Brief descriptive captions:
§
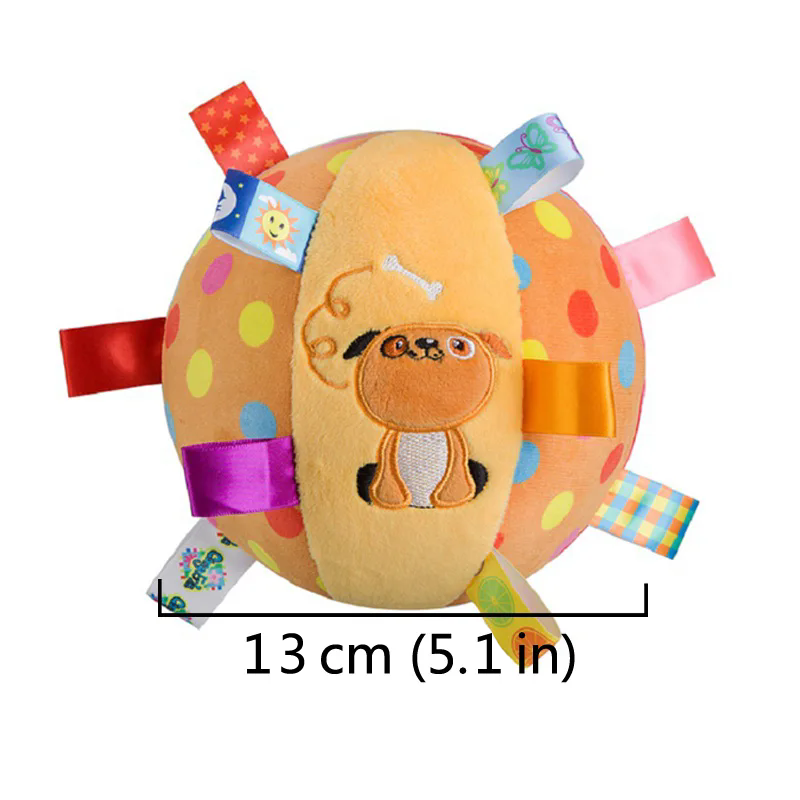 Thumbnail: Interactive Sensory Dog Toy Ball with Ribbon Tabs & Bell (13cm)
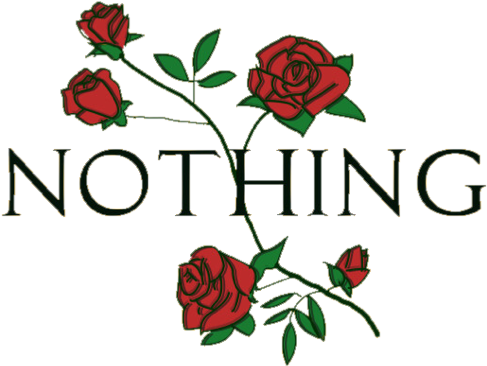 紅玫瑰與「NOTHING」文字 壁紙 — 粗體金色字母拼出「nothing」，紅玫瑰和綠莖在純黑背景上交織。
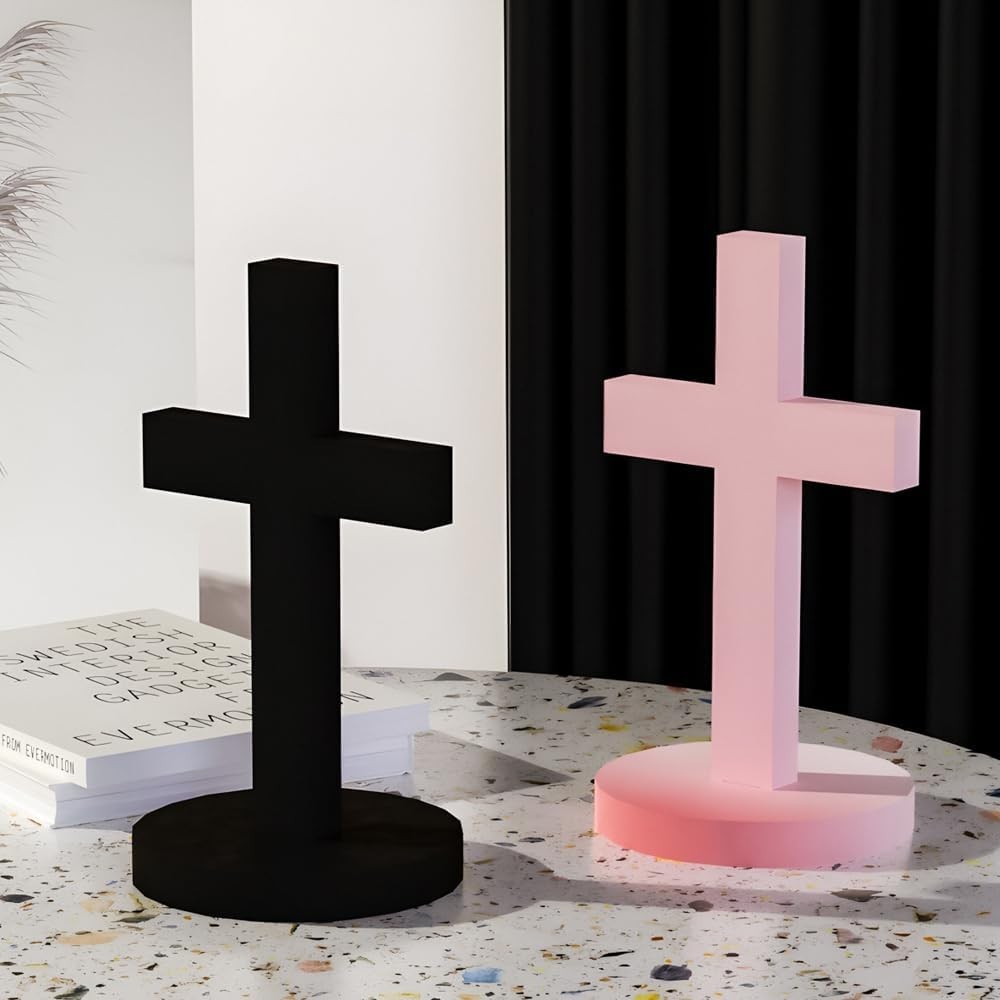 5” Standing Cross Silicone Mold with Base, Crucifix Mold for Epoxy Resin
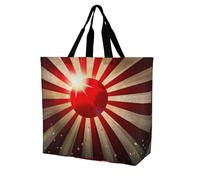 Borsa a tracolla da donna con bandiera del sole nascente giapponese con raggi luminosi, borsa per la spesa, riutilizzabile, leggera, borsa da viaggio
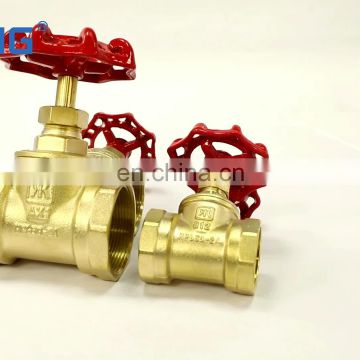 Thread Forged brass gate valve 3 inch High Pressure with red iron wheel cutoff valve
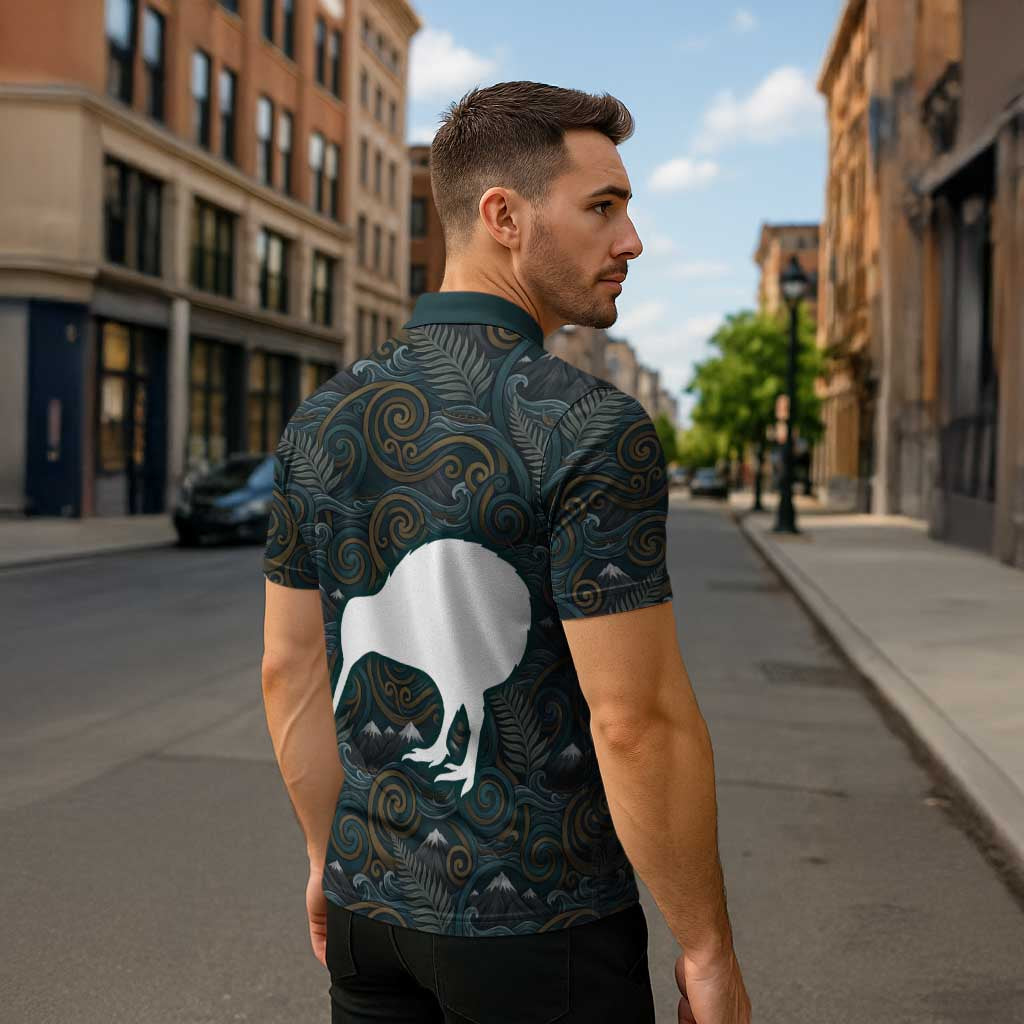 New Zealand is Calling and I Must Go Zipper Polo Shirt Kiwi Bird Silhouette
§
Give back every record exactly. Omit the pictures.

## Response below
 Thumbnail: Interactive Sensory Dog Toy Ball with Ribbon Tabs & Bell (13cm)
 紅玫瑰與「NOTHING」文字 壁紙 — 粗體金色字母拼出「nothing」，紅玫瑰和綠莖在純黑背景上交織。
 5” Standing Cross Silicone Mold with Base, Crucifix Mold for Epoxy Resin
 Borsa a tracolla da donna con bandiera del sole nascente giapponese con raggi luminosi, borsa per la spesa, riutilizzabile, leggera, borsa da viaggio
 Thread Forged brass gate valve 3 inch High Pressure with red iron wheel cutoff valve
 New Zealand is Calling and I Must Go Zipper Polo Shirt Kiwi Bird Silhouette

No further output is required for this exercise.